/content_gen

Generates abstractive summaries of news-articles related to top-trending topics on twitter.

Primary LanguagePython

content_gen tracks the top news trends and generates a summary of related news articles.

The top trending topics are extracted with the help of twitter's api. For each trending topic, highest similarity news articles from google news website are parsed and translated. The corresponding summaries of articles and key-words are generated with the help of tf-idf.

INSTALLATION:

  1. Install Anaconda Python 2.7 64 bit distribution Link: http://continuum.io/downloads#all

  2. Clone to your desktop

    git clone https://github.com/abhigenie92/content_gen
    
    
  3. Install dependencies

    sudo apt-get install libxslt-devel libxml2-devel gcc
    
  4. cd into this folder and run the following command from terminal

    cd content_gen
    python -m pip install -r requirements.txt
    
  5. Install nltk libraries.

    python import nltk; nltk.download()
    
  6. Run the main.py file.

    python main.py
    

OUTPUT:

The output is appended in "\posts\content.json"

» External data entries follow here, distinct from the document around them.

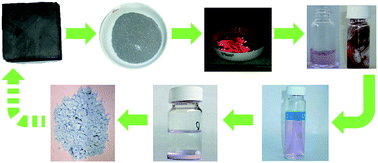 Graphical abstract: From NdFeB magnets towards the rare-earth oxides: a recycling process consuming only oxalic acid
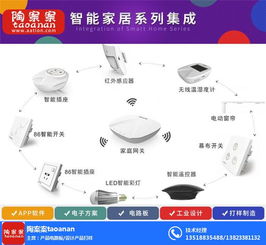 智能家居方案 构建高效、安全、人性化的未来生活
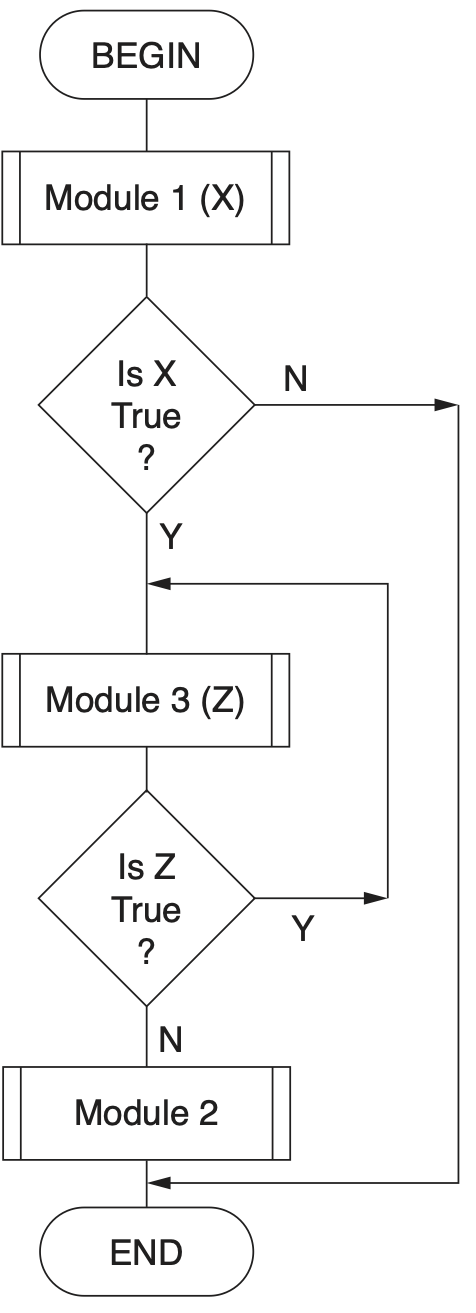 ../../_images/8_question1b.png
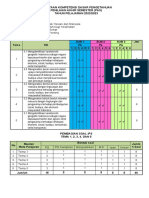 Kisi-Kisi PAS IPS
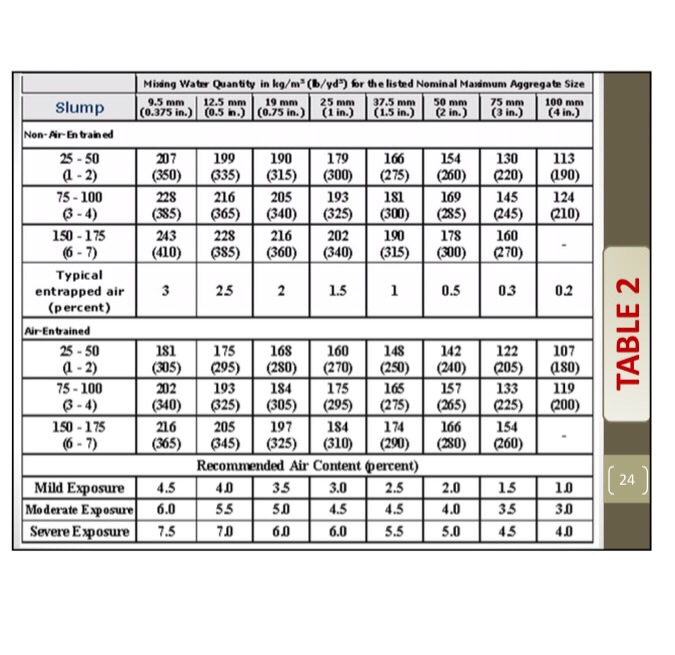 Solved ExampleII Design a Concrete mix Using ACI method for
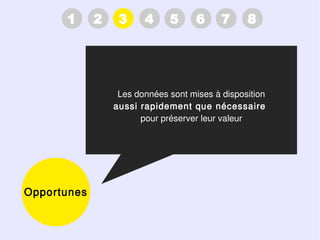 1      2    3     4     5      6     7     8




                  Les données sont mises à disposition
                 aussi rapidement que nécessaire
                       pour préserver leur valeur




Opportunes
 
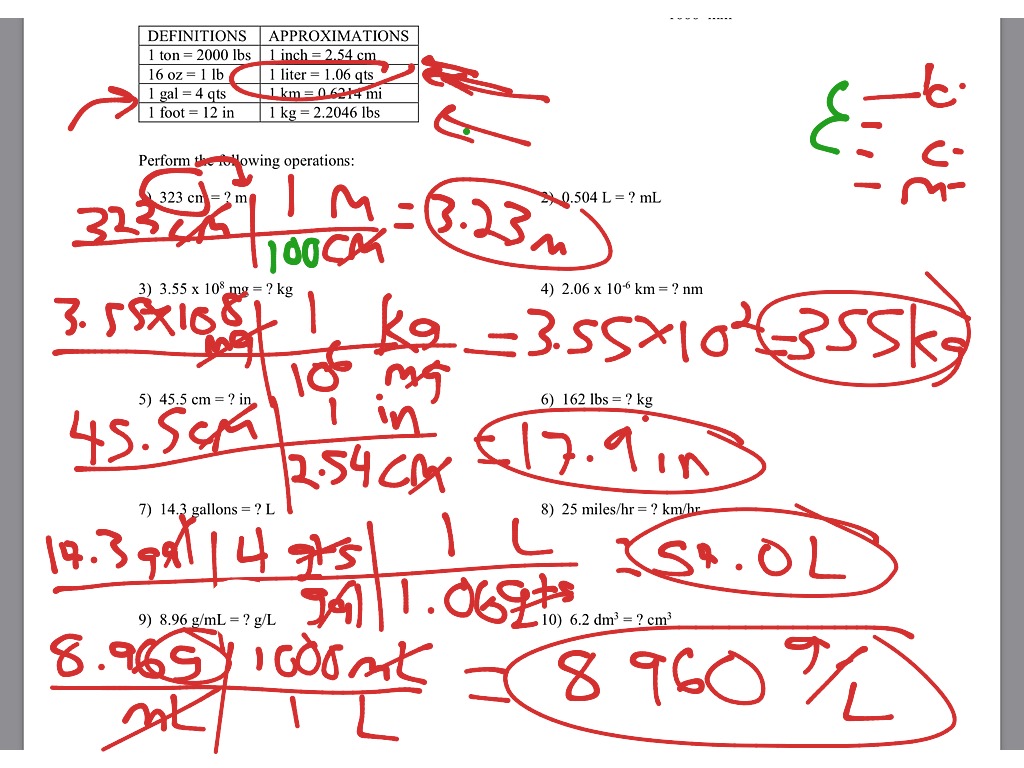 AP 1.6b - Dimensional Analysis Practice | Science | ShowMe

{'title': <title of post>, 'description': <summary of given no. of lines>, 'dateCreated': <date of creation>, 'categories': <categories of post>, 'mt_keywords': <keywords of the post>}

OTHERS:

  1. The script has an option of making it run inifinitely. It will keep checking if a new trend is available and it will posts only if there is. Uncomment lines 259-264
  2. The script is limited by twitter's rate limit and sleeps in btw till satisified.